Thought Experiment: An Atheist Soul


Thought Experiment: 

An Atheist Soul

Let's play a game.

During Theism week in my Philosophy class, non-believers and believers alike come together and play called, A Religious Soul. They try to pinpoint the nature of the soul and the religious implications of having a soul. However, a fun departure from the usual allows us to play a game that favors the materialist Athiest Soul.

The constraints of our inquiry:

  • There is no supernatural entity that created the soul. 
  • The soul will not go into a supernatural afterlife. 
  • We all agree the soul is an immaterial part of the body that controls our reason, personality, logic, preferences, and knowledge. 

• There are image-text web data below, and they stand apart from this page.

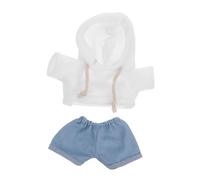 HANABASS Doll Clothes Set Soft Plush Bear Hoodie and Pants Outfit Comfortable Skin Friendly Fabric for Stuffed Animals Playtime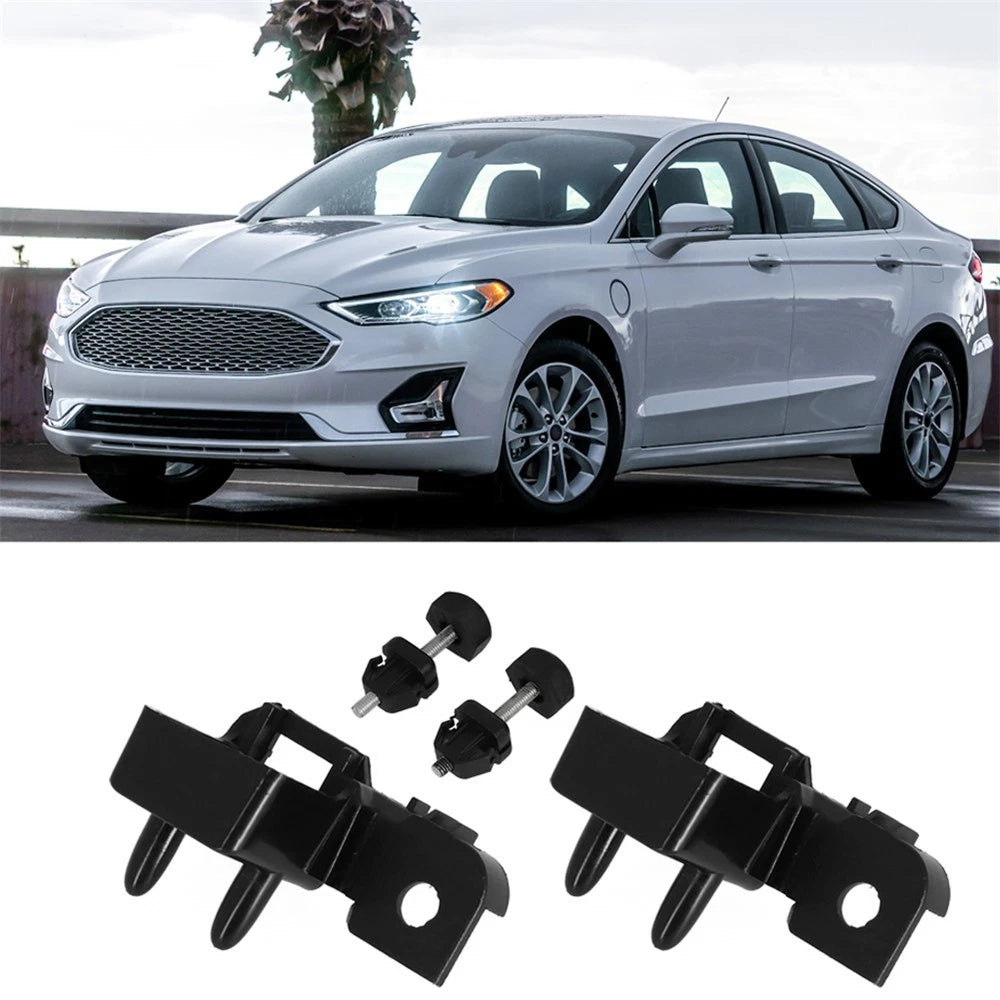 4x Hood Bumper Stopper Bracket for Ford Fusion MKZ (2013-2020)
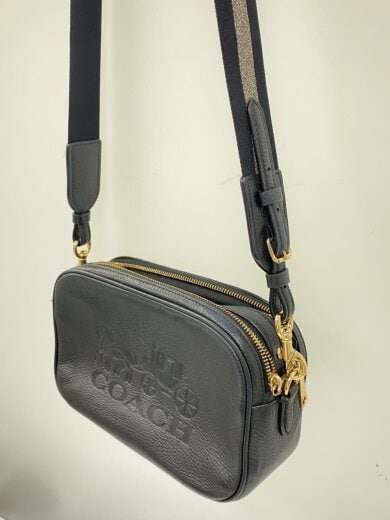 商品画像：ショルダーバッグ_ホースアンドキャリッジ/牛革/BLK 2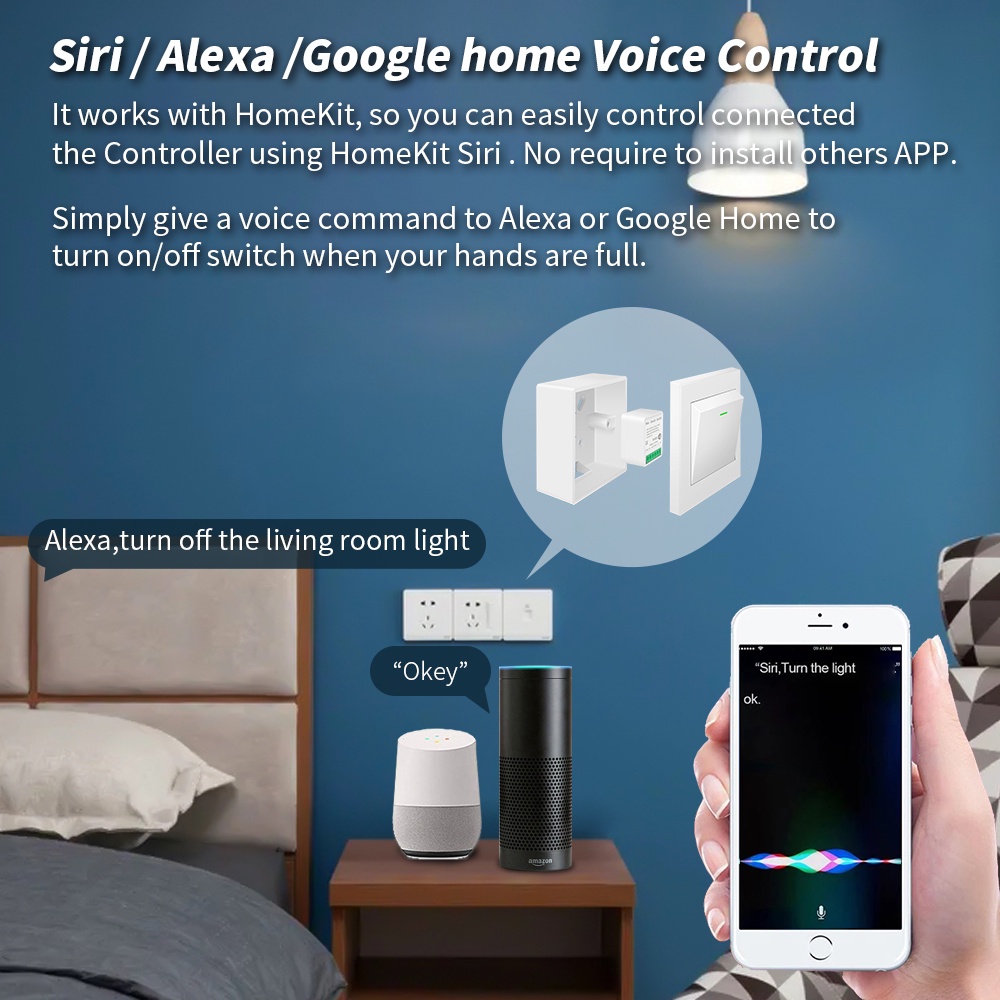 Sixwgh Smart WIFI Switch Compa - đánh giá và giá Smart Home Hub Apple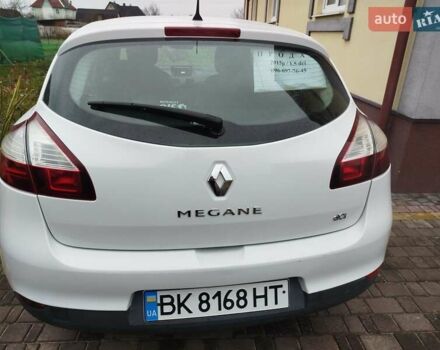 Белый Рено Меган, объемом двигателя 1.5 л и пробегом 314 тыс. км за 7700 $, фото 7 на Automoto.ua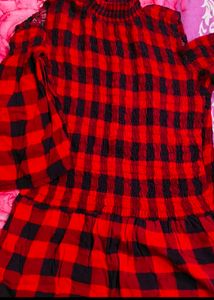 Red Stretchable Hot Top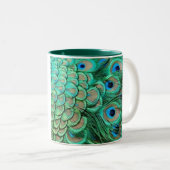 PFAU-FEDERN ZWEIFARBIGE TASSE (VorderseiteRechts)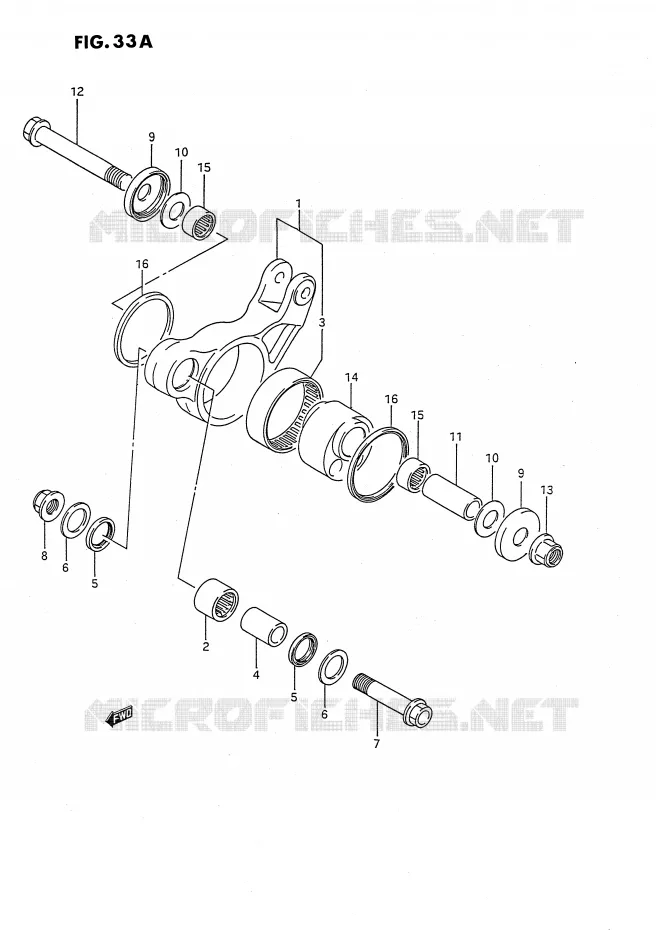 SHOCK ABSORBER LINKAGE (MODEL H/K) Suzuki MOTO 80 RM 1994  RM80R(E24)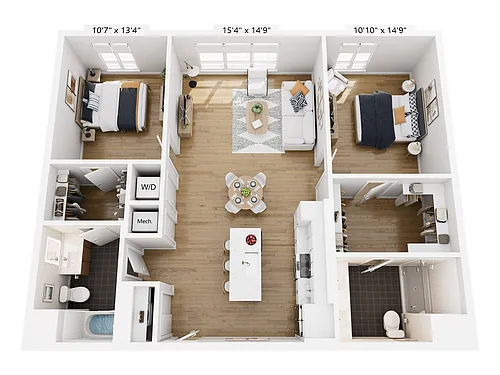 Floor plan B12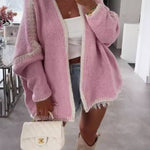 Fashionable Casual Long-sleeved Loose Knitted Cardigan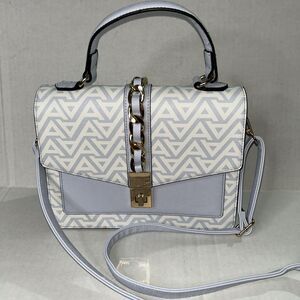 Aldo Womens Handbag Shoulder Blue White print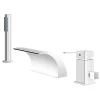 Silla Global Silla Robinet De Baignoire en Laiton sur plage 3 trous, Chrome* Robinet De Baignoire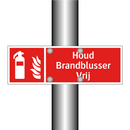 Houd Brandblusser Vrij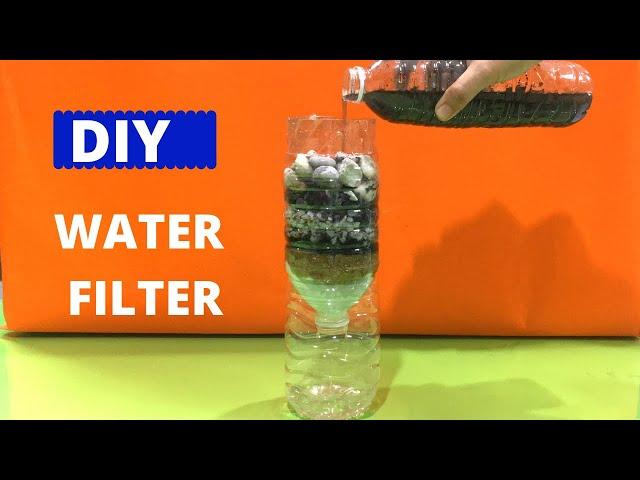 DIY WATER FILTER | WATER FILTER EXPERIMENT | HOW TO FILTER DIRTY WATER | Science Project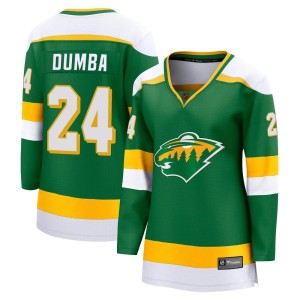 Minnesota Wild Matt Dumba Official Green Fanatics Branded Breakaway Women's Special Edition 2.0 NHL Hockey Jersey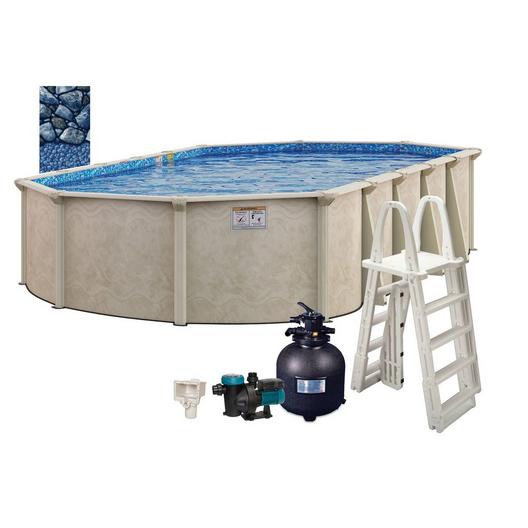 Cascade 16'x32' x 52" Oval Above Ground Pool Package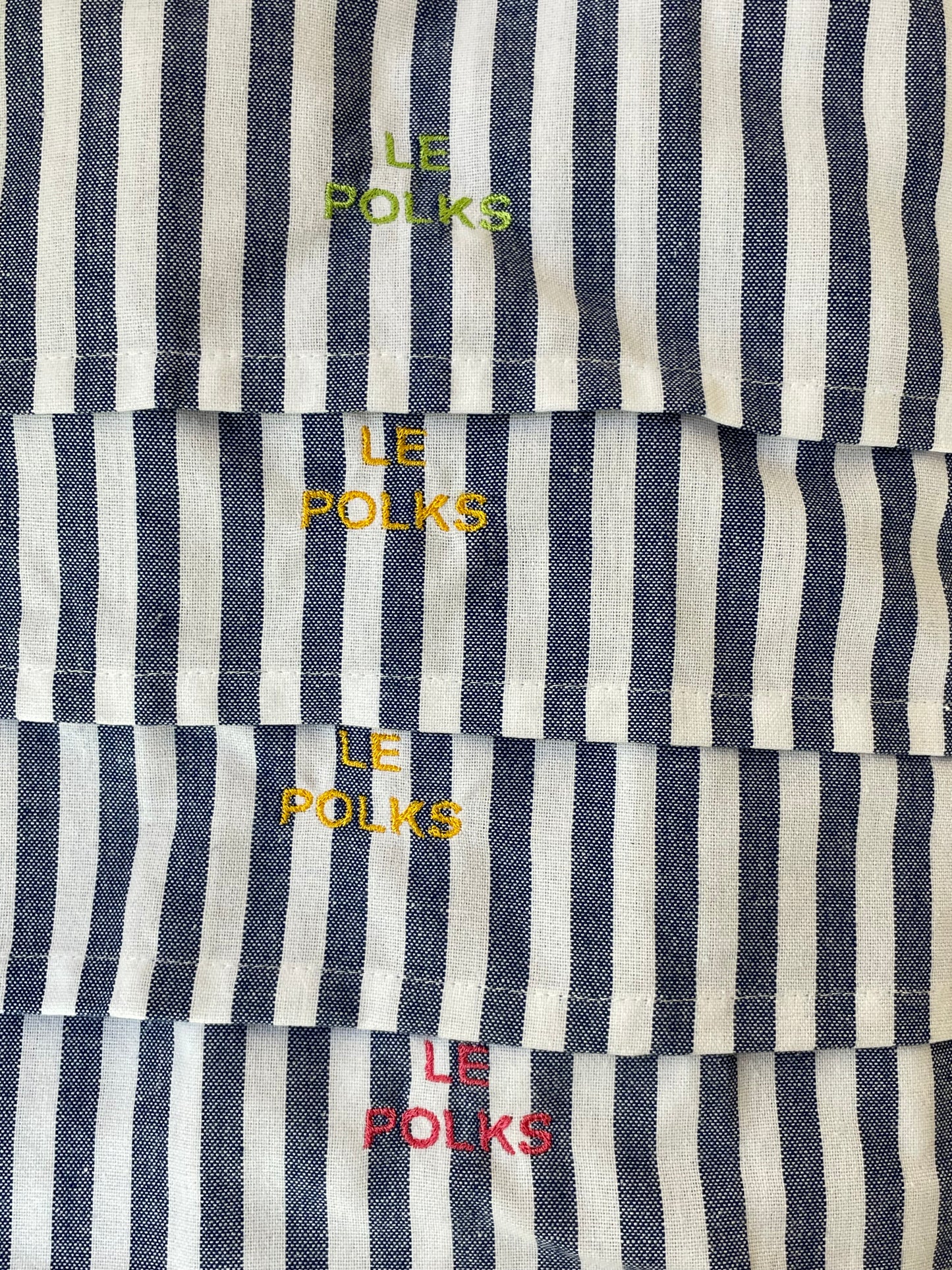 Striped Personalized Dinner Napkin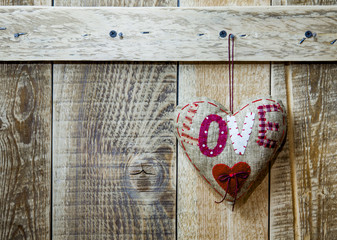 Handmade heart. Symbol of Love.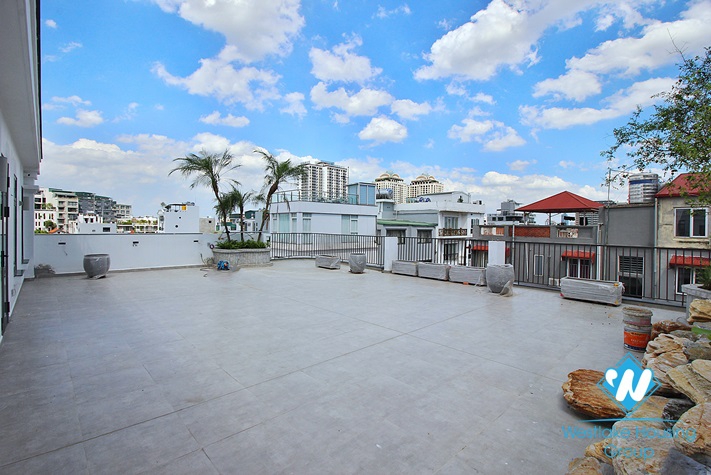 Giant terrace penhouse 4beds apartment for rent in To Ngoc Van st, Tay Ho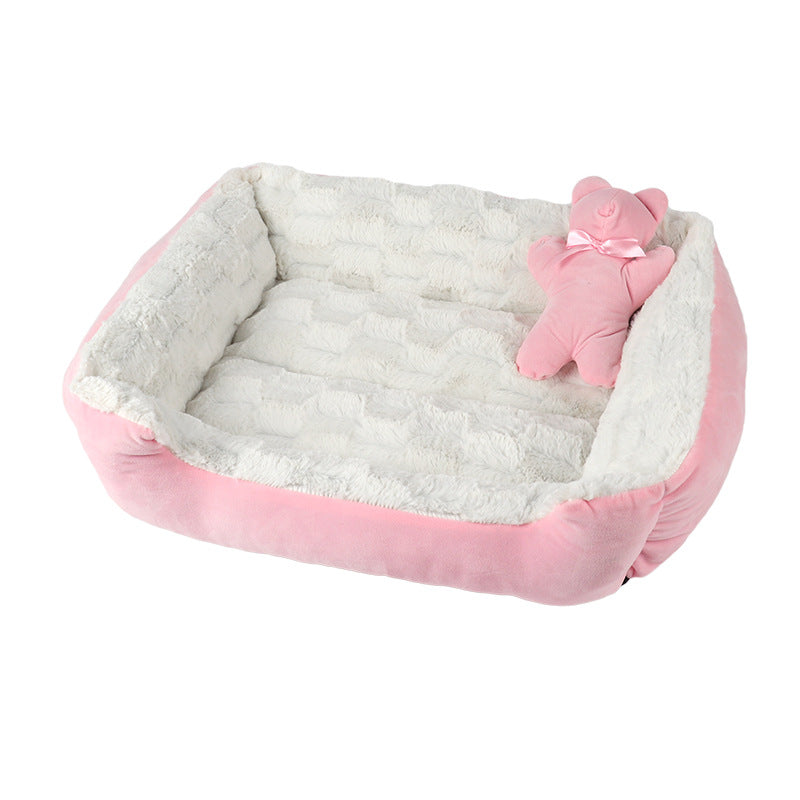 Pet Soft Comfortable Cozy Nest Bed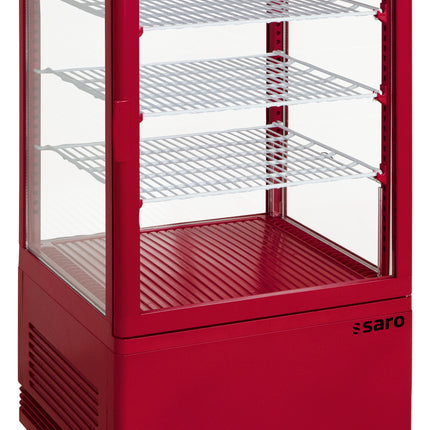 SARO Mini Refrigerated Showcase Ventilated Cooling
model SC 70 red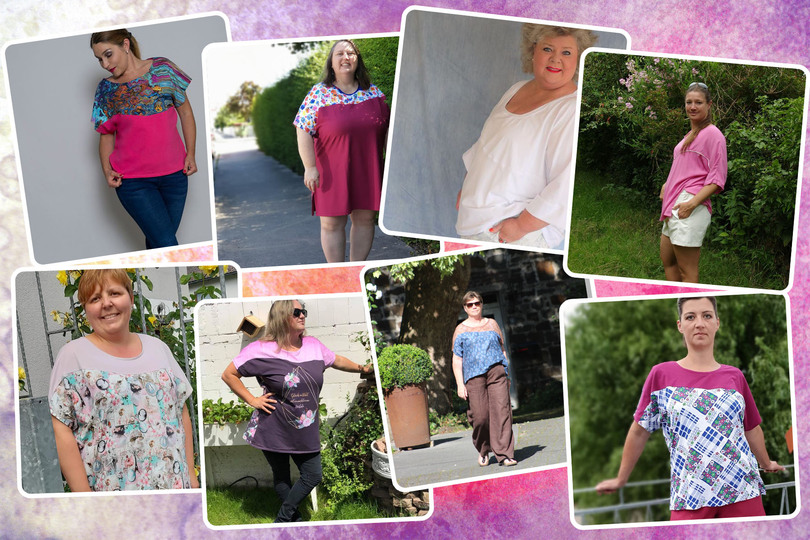 Asymmetrisches Kimono Shirt Schnittmuster von 34 - 56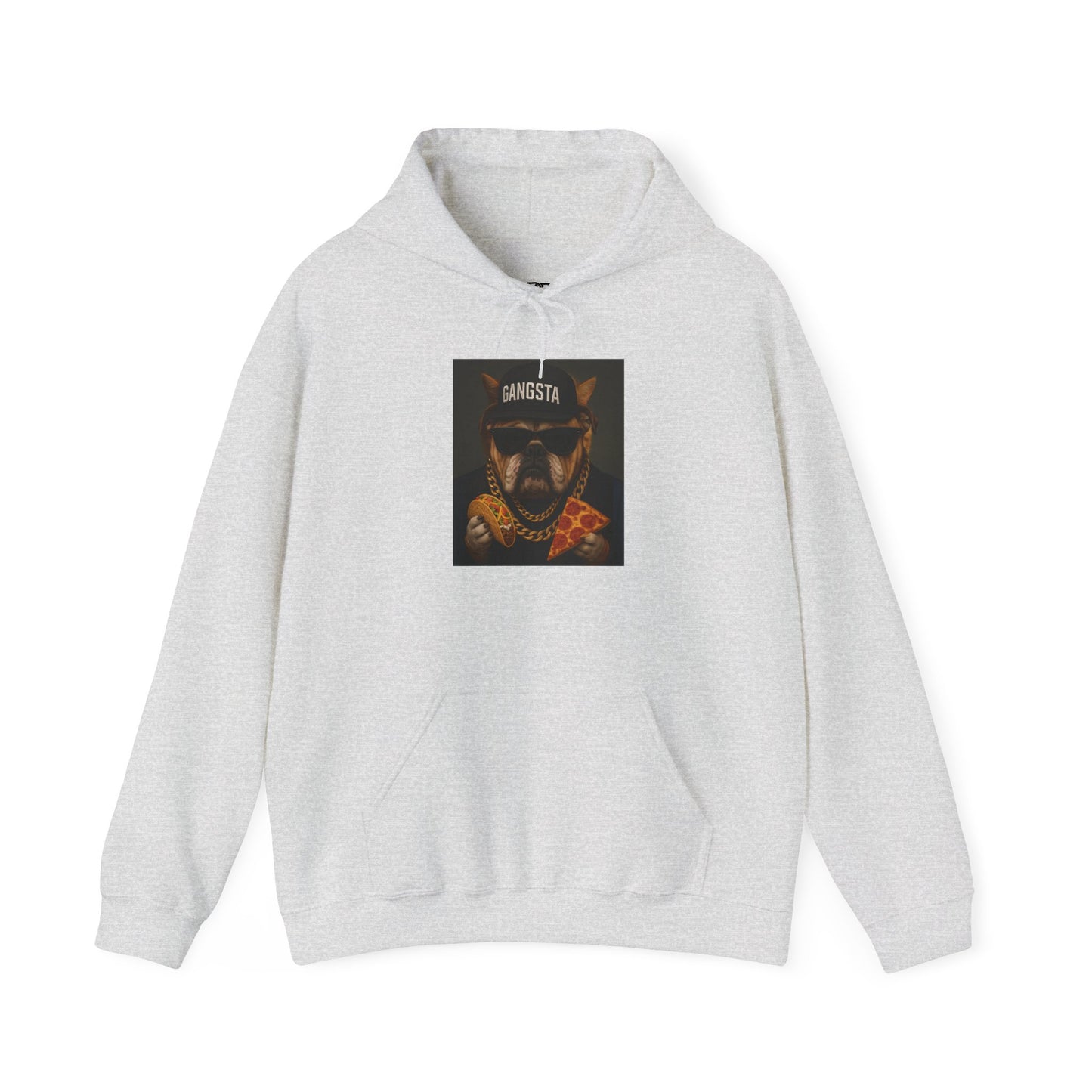 Gangsta Dog Hoodie - Unisex Heavy Blend™ Sweatshirt - Riff Raff Wear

We will stay within the limits of those constraints for this thought experiment as we play our game.

But First, some history.

To prime the mind, let's look at few definitions of a soul across time (but certainly not limited to these definitions).

Ancient Philosophy

In Phaedo, Plato disagreed with the typical Greek belief that the soul died with the person's body, "...after [the soul] has left the body, it no longer exists anywhere, but it is destroyed and dissolved on the day the man dies." (70a & 80d). In The Republic, Plato famously offers his teachers Socrates's belief that "our soul is immortal and never destroyed" (608d). Further stating the soul maintains all its knowledge and reason after the soul has left the body (76c). For the ancient Greeks, for the soul to live without its body was an absurd notion, and this was just one among many of the ideas that later lead to Socrates' execution.

Medieval Ages

One of the many revered founding fathers of the Medieval Christain Church, St. Augustine of Hippo, believed the soul and the body was inseparable, with the soul holding dominion over the body, "a rational substance fitted for rule over a body" (The Confessions 22). Upon the physical death of the body, only then does the immaterial soul journey to the afterlife.

Modern Age

People of all types have argued for and against a soul's existence throughout time, clear up until the Modern Age.

Stephen Hawkings, the celebrated British Physicist, believed the soul turns to nothingness with no afterlife in our future, "There is no heaven or afterlife for broken down computers; that is a fairy story for people afraid of the dark" (Source).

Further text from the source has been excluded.